Insertion of isocyanides into group 4 metal-carbon and metal-nitrogen bonds. Syntheses and DFT calculations

The reactions of [Ti(eta(5)-Ind)(NMe2)(2)Me], [Ti(eta(5)-Ind)(NMe2)Cl-2], and [Zr(eta(5)-Ind)(NMe2)(2)Cl] with 2,6-dimethylphenyl isocyanide (CN(2,6-Me2Ph)) and tert-butyl isocyanide (CN-t-Bu) have been investigated. For the first complex, insertion occurs exclusively into the Ti-C bond to give [Ti(eta(5)-Ind)(NMe2)(2){C(Me)=N-t-Bu}] (1), which, according to DFT results, is due to the weakness of the Ti-CH3 bond when compared to Ti-NR2. [Ti(eta(5)-Ind)(NMe2)Cl-2] was found to react with 1 equiv of CN(2,6-Me2Ph) to yield [Ti(eta(5)-Ind){C(NMe2)=N(2,6-Me2Ph)}Cl-2] (2).
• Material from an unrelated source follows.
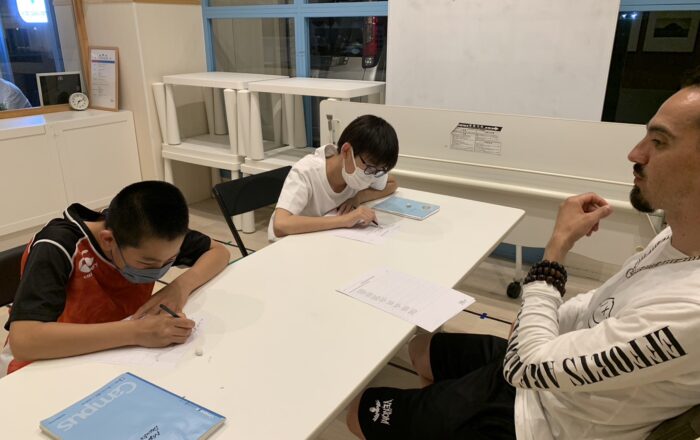 【青葉校】3つのクラスが同時進行の火曜日のナイトクラス！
Two equivalents of 2,6-dimethylphenyl isocyanide reacts with [Zr(eta(5)-Ind)(NMe2)(2)Cl] to give the double insertion compound [Zr(eta(5)-Ind){C(NMe2)=N(2,6-Me2Ph)}(2)Cl] (3). The same reaction performed with CN-t-Bu proceeds slowly and enabled the characterization, by NMR, of [Zr(eta(5)-Ind)(NMe2){C(NMe2)=N-t-Bu}Cl] (4) and [Zr(eta(5)-Ind){C(NMe2)=N-t-Bu}(2)Cl] (5). The molecular structures of 2 and 3 have been determined by X-ray diffraction. DFT calculations of the insertion of CNH in the zirconium nitrogen bonds of [Zr(eta(5)-Ind)(NR2)(2)Cl] (R = H, Me) have been performed and show that the progressive stability of the insertion products accounts for the experimentally found double insertion product.